Makes 24-30 small squares. Keep 1 month in an airtight tin. Freeze 6 months. Grating the top layer of this delicate dough is much easier than rolling it out.
Method: In the food processor, put the flour and ground almonds, the butter and the sugar. Pulse until the mixture resembles coarse crumbs.
Beat the egg and lemon juice together, add to the machine and pulse until the crumbs are evenly moistened and just beginning to hold together.
Tip the mixture into a mixing bowl and gather it up with the hands into a ball. Divide in two and knead each piece gently on a lightly floured board until smooth. Flatten each piece until it is about 1 inch (2.5cm ) thick, then wrap in film.
Chill one piece in the refrigerator for an hour and freeze the other for the same length of time. Preheat the oven to Gas No 5 (375 F/190 C). Get ready an ungreased shallow baking tin measuring approx. 12 x 8 x 3/4 inches
(30 x 20 x 2 cm). Roll out the chilled portion of dough on a floured board until it is the size of the tin.
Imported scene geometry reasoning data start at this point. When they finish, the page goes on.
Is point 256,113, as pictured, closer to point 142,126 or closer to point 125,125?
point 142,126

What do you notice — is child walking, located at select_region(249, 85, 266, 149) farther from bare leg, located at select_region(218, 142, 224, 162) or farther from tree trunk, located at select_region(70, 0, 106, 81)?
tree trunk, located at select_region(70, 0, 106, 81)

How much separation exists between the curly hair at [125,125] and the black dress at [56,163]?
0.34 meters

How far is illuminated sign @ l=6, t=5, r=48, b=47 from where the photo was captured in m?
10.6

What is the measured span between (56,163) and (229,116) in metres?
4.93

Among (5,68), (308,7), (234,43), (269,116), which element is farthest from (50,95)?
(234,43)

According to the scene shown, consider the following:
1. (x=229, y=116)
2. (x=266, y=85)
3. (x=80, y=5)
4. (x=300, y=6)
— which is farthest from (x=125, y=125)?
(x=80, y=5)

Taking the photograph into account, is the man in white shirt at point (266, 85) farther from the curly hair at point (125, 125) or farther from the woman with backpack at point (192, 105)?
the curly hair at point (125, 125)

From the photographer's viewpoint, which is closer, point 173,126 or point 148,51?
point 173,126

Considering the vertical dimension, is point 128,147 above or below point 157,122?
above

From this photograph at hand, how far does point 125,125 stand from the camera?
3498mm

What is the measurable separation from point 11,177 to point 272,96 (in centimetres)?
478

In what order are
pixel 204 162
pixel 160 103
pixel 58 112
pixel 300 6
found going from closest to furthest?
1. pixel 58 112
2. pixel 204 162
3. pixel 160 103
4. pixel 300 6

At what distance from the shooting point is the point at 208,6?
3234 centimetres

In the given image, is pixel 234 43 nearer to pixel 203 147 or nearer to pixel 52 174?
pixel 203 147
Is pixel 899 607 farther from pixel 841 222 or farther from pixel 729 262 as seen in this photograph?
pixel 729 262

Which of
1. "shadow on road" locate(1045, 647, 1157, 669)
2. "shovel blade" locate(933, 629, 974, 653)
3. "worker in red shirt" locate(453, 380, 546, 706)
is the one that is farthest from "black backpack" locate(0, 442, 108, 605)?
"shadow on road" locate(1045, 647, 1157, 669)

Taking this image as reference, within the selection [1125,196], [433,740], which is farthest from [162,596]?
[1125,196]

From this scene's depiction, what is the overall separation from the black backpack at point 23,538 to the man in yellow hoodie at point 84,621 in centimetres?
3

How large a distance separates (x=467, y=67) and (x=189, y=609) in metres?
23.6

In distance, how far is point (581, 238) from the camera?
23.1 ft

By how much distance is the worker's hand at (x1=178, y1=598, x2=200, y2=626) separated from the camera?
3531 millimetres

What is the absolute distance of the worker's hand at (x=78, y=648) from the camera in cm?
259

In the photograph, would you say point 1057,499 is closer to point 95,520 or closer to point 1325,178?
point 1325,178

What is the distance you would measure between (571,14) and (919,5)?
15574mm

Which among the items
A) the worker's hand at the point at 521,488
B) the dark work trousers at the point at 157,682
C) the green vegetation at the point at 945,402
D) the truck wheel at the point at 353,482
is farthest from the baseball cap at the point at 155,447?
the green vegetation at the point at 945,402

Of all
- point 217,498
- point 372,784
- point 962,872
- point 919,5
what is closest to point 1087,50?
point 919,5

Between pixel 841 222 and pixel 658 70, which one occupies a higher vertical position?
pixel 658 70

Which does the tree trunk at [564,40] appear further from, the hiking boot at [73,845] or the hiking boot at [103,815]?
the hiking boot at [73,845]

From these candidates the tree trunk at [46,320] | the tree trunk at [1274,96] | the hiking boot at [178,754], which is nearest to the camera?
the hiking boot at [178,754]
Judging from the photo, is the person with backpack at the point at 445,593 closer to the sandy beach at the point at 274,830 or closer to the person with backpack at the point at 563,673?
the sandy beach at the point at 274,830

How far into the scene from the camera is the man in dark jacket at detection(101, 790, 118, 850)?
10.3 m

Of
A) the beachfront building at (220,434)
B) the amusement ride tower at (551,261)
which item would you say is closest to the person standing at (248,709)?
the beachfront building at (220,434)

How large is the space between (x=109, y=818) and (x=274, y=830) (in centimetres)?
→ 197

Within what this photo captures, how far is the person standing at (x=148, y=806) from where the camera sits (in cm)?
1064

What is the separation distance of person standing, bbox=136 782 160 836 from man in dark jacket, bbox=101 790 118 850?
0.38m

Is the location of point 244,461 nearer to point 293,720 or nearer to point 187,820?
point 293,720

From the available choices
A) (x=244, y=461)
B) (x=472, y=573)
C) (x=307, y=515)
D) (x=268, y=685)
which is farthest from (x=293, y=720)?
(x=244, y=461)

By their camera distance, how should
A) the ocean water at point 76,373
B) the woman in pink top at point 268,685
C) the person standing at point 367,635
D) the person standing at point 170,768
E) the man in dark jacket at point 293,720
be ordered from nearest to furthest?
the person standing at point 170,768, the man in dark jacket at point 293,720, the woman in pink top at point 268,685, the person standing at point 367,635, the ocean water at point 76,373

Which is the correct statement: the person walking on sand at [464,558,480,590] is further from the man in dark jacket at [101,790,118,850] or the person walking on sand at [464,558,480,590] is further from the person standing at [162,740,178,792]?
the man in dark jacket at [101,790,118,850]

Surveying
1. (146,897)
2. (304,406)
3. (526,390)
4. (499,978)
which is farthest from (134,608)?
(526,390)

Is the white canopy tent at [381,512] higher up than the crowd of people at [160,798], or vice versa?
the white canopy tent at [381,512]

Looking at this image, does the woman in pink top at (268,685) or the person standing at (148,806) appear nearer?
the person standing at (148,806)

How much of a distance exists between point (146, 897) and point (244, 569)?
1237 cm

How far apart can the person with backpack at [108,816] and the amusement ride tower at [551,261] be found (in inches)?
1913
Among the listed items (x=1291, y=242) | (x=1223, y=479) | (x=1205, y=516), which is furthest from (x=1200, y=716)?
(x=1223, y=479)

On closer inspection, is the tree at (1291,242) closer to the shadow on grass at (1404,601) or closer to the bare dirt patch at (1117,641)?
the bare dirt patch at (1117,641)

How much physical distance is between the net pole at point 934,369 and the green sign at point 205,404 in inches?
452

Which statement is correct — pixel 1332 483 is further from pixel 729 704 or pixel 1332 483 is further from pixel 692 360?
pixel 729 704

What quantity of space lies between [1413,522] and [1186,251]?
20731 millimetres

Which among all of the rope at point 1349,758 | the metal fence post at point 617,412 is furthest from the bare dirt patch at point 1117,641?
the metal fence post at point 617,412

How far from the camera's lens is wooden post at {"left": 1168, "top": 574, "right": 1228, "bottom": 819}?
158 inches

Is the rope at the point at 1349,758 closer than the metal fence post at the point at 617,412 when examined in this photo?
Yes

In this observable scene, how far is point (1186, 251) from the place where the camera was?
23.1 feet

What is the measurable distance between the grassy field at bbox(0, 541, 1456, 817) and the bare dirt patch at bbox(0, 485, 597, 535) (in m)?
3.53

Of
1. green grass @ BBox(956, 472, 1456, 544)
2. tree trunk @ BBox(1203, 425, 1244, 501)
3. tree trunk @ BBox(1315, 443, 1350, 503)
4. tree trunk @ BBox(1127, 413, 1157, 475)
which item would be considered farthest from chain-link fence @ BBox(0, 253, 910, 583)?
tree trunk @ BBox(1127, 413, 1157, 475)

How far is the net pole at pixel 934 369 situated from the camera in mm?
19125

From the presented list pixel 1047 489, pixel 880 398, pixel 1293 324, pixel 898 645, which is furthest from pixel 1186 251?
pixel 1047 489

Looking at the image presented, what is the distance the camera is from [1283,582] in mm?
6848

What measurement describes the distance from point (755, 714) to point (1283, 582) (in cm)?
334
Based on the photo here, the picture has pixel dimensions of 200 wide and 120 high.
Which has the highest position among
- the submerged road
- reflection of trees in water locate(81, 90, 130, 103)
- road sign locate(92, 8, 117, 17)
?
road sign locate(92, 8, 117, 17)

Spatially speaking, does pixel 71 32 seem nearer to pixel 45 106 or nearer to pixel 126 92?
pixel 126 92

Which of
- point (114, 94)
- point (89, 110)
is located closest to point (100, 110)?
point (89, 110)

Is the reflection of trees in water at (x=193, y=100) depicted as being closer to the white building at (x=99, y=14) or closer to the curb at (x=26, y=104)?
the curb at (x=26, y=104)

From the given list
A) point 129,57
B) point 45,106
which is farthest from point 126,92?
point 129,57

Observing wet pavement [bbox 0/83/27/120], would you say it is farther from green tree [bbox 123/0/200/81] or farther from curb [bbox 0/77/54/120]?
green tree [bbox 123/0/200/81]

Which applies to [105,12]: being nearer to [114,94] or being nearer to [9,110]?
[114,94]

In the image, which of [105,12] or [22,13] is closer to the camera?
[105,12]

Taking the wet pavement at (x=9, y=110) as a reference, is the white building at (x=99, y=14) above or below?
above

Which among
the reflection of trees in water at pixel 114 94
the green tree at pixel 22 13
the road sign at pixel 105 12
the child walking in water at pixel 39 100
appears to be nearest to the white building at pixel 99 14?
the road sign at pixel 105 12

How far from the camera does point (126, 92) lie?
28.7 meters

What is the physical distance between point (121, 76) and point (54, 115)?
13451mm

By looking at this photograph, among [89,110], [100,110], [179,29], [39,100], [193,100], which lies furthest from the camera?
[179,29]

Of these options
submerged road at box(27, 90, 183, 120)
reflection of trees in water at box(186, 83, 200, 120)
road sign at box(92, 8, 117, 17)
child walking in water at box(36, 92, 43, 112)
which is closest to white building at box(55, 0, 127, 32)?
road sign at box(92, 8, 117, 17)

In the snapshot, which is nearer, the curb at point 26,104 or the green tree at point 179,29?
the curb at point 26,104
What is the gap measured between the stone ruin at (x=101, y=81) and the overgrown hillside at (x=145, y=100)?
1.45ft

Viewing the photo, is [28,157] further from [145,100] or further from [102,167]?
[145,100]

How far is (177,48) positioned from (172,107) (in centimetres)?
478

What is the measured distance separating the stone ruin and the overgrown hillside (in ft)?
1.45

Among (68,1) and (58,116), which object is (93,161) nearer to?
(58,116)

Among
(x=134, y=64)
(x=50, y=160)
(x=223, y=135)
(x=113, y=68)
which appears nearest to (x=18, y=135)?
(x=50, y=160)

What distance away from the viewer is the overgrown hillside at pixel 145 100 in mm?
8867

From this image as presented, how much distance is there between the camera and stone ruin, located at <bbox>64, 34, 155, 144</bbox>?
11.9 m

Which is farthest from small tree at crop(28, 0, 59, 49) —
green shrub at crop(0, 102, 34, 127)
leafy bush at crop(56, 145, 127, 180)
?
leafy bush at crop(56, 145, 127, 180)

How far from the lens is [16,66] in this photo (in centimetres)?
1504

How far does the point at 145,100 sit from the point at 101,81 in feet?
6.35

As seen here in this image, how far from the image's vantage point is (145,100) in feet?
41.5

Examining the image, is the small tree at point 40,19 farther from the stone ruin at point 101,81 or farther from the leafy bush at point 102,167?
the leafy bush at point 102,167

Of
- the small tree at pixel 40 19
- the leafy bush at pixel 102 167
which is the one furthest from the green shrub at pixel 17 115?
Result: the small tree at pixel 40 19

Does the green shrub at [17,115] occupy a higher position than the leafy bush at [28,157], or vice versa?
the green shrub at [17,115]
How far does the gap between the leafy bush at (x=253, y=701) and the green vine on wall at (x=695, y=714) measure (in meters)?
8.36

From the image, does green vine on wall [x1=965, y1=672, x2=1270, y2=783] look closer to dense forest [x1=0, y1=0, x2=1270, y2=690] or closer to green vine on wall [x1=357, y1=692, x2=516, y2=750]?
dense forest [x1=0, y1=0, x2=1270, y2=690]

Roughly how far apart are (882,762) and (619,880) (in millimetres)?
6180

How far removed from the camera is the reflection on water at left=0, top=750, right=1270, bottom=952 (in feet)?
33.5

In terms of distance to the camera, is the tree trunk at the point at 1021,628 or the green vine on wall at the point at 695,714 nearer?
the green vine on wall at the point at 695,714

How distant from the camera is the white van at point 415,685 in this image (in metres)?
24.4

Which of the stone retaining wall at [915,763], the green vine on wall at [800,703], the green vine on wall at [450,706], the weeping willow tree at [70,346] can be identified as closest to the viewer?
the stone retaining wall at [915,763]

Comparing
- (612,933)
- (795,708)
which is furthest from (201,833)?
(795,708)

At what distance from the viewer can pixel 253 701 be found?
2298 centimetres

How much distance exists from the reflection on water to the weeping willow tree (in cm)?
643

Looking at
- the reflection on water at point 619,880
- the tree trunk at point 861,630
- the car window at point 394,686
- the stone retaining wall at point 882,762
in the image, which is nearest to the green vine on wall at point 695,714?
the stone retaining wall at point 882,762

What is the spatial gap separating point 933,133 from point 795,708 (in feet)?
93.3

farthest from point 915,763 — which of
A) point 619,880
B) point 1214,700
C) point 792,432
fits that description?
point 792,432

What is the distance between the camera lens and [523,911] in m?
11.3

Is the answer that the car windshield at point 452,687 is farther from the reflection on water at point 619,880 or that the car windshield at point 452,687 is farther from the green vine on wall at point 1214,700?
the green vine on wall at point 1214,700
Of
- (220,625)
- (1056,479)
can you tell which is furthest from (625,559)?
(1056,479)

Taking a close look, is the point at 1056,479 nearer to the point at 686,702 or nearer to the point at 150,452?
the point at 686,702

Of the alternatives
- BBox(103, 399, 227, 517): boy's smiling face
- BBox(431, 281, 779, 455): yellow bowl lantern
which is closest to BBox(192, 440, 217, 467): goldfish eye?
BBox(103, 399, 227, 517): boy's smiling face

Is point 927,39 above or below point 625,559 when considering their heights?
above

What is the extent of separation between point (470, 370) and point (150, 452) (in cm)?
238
Carefully transfer to the tin and trim level with the rim. Spoon the ginger preserve evenly over the dough. Coarsely grate the frozen dough in an even layer on top of the preserve.
Mix together the granulated sugar and the flaked almonds, then scatter on top of the pastry.
Bake for 40 minutes or until golden and firm to gentle touch. Leave for 15 minutes, then mark into 24 or 30 small squares. When the squares are quite cold, lift them from the tin.